> **DIRECTIONS**: Retyping should cover only the lines from the one containing "Beyond The Course" through the final line of the records, with pictures omitted.

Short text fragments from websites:
• • • • •

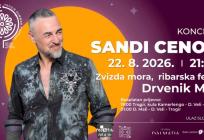 Sandi Cenov stiže na Zvizdu mora na Drvenik Mali – ulaz i prijevoz brodom besplatni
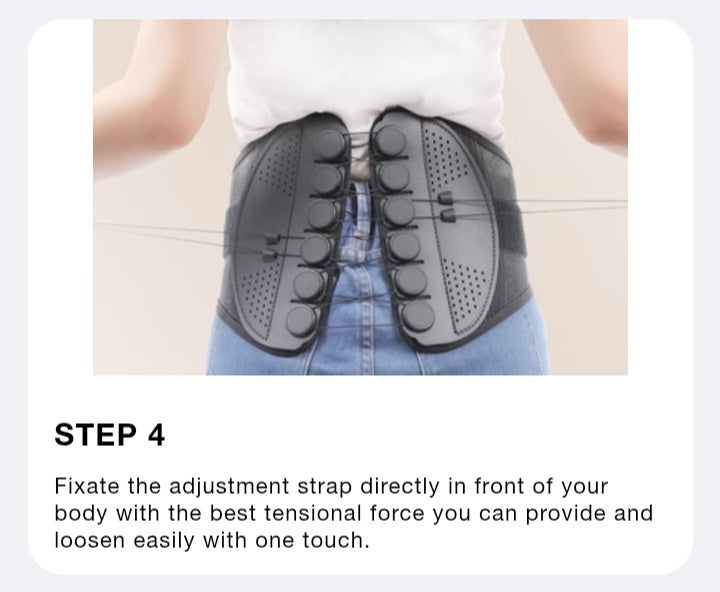 Lumbar Support Belt Relief from Back Pain, Breathable Design, Lower Back, Posture and Spine Support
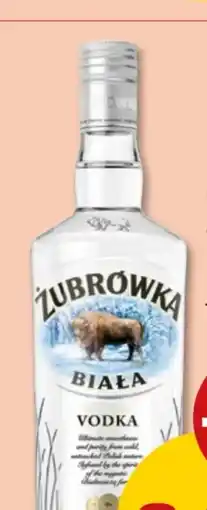 PENNY Zubrowka Biala Vodka Angebot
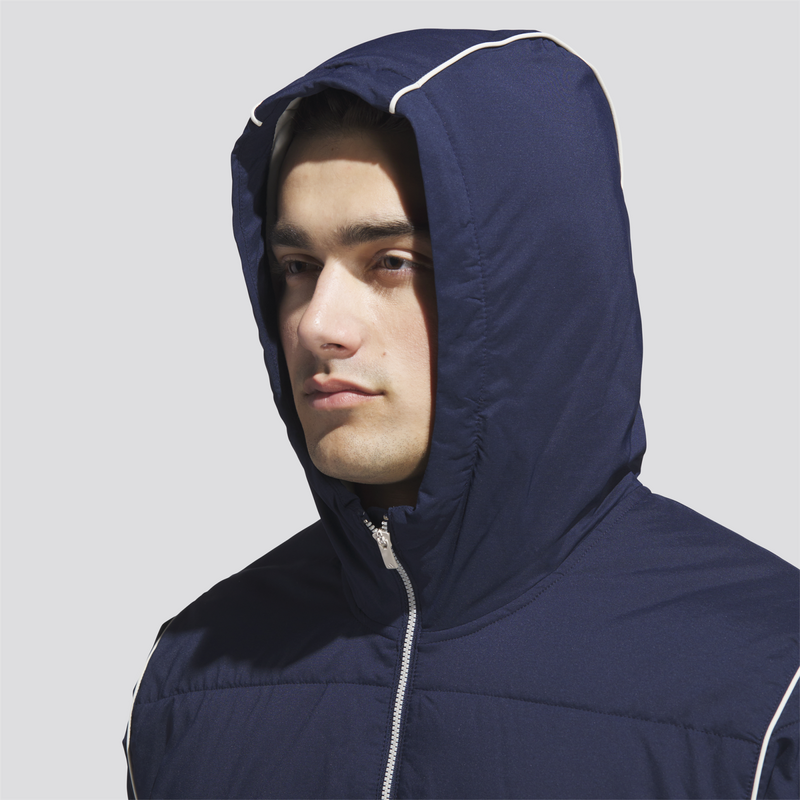 Beyond The Course Twistweave Half-Zip Jacket Collegiate Navy
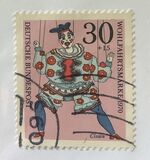 [Charity Stamps - Marionettes, type QO]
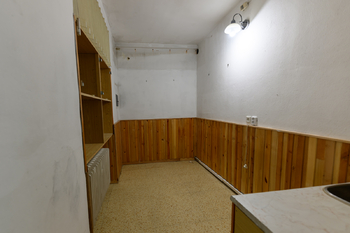 Aktuální stav druhý pokoj - Prodej bytu 3+kk v osobním vlastnictví 67 m², Brno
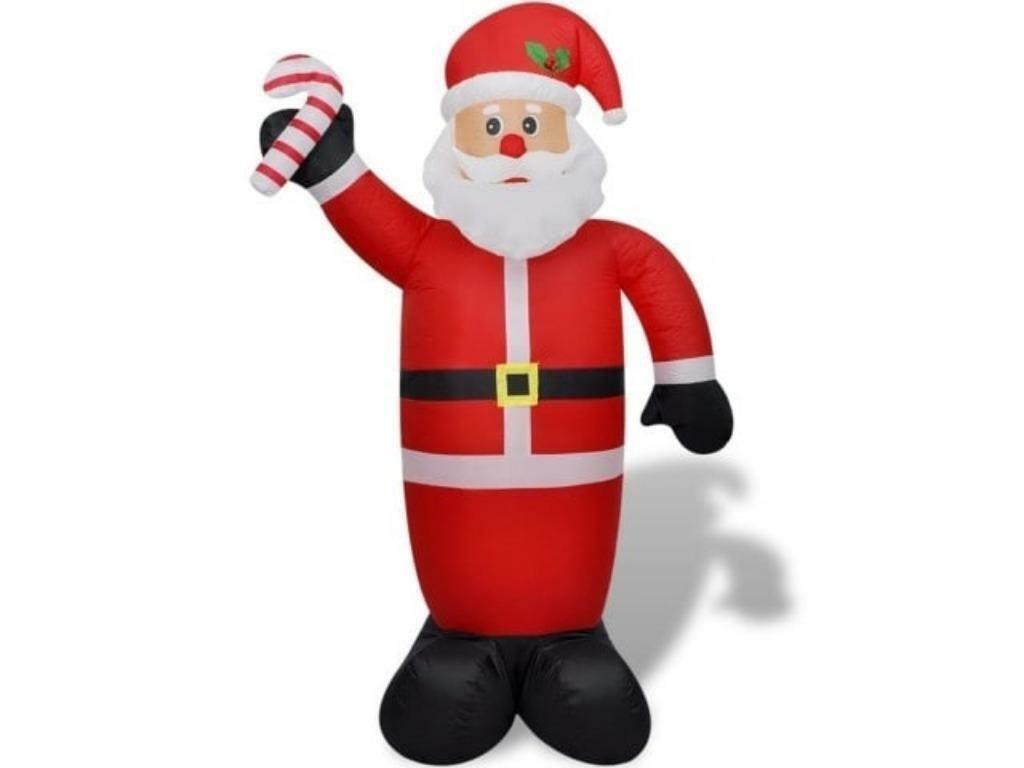 kerstman kerstpop te huur huren kerstmis met verlichting, Diversen, Kerst, Ophalen of Verzenden, Nieuw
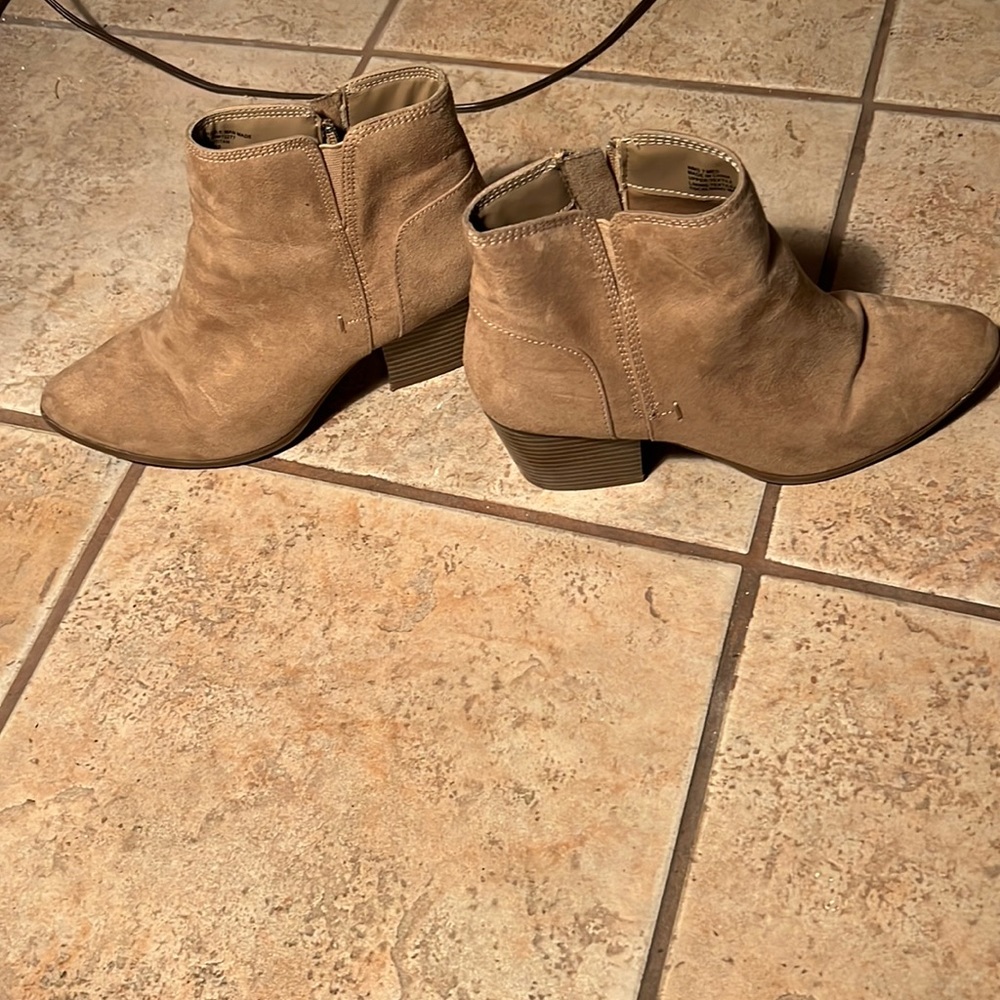 Brown High Heel Boots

• • • • •

> **RESULT BELOW**:
 Beyond The Course Twistweave Half-Zip Jacket Collegiate Navy
 [Charity Stamps - Marionettes, type QO]
 Aktuální stav druhý pokoj - Prodej bytu 3+kk v osobním vlastnictví 67 m², Brno
 kerstman kerstpop te huur huren kerstmis met verlichting, Diversen, Kerst, Ophalen of Verzenden, Nieuw
 Brown High Heel Boots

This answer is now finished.